MongoDB C# Aggregating and Grouping By Distinct Fields

This post describes how to do the equivalent of a SQL SELECT DISTINCT in MongoDB on multiple fields. This seems to be a difficult solution to search for at the moment. The MongoDB .NET driver documentation links to the unit test files on GitHub for examples on aggregation related items, but the links are broken at the time of this post. Looking at the repos on GitHub is useful to find the actual tests, but for the specific problem I was trying to solve, it wasn't entirely helpful.

Basically what I was trying to do would be relatively easy with SQL -- a SELECT DISTINCT from a table/collection based on multiple fields. I really just wanted to get the unique combinations of several fields at the database layer without having to retrieve all the documents from the collection, and then figuring out which were distinct.

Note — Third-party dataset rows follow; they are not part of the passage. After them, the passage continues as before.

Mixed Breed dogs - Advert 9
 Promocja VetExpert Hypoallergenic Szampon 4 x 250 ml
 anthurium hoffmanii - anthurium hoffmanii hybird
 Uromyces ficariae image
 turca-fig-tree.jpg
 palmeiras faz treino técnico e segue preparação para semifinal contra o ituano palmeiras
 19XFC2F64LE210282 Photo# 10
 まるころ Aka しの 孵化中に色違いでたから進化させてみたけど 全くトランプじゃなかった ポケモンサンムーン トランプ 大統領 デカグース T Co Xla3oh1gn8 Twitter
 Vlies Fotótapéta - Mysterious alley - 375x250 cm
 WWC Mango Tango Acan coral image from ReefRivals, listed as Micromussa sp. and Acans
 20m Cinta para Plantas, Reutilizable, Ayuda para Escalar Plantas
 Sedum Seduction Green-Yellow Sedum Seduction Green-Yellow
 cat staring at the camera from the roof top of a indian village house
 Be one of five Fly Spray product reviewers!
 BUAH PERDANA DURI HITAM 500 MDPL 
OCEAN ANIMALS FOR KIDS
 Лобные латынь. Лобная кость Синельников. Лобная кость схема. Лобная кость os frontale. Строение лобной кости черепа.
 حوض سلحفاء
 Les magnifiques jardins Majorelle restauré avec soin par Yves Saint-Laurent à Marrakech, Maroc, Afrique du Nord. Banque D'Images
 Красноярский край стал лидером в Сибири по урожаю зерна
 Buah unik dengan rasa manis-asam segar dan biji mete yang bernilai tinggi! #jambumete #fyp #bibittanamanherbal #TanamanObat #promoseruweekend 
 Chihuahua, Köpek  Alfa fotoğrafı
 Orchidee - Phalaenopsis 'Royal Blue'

Below is a bit of a contrived example using an IMongoCollection<Location> named Locations where the code is grouping and retrieving the distinct set of records for State, StateShortName, StateSlug, and CountrySlug into a List<State>.

var uniqueStates = await _context
        .Locations
        .Aggregate()
        .Group(
            i => new { i.State, i.StateShortName, i.StateSlug, i.CountrySlug },
            g => new State
            {
                Name = g.First().State,
                ShortName = g.First().StateShortName,
                Slug = g.First().StateSlug,
                CountrySlug = g.First().CountrySlug
            })
        .ToListAsync();

The first argument to the Group method is the new _id for the group, and the second is the actual group/output into the output object. The group output needs to correspond to accumulator objects, such as First, Distinct, Max, Min, Sum, etc. This is also possible using BsonDocument, but I wanted to use expressions and make it more strongly typed.

It's more or less the equivalent of something like the below in SQL:

SELECT DISTINCT
	l.State, l.StateShortName, l.StateSlug, l.CountrySlug
	FROM Locations l

There may be a more straightforward way to do this, and if you know a better way, please feel free to let me know.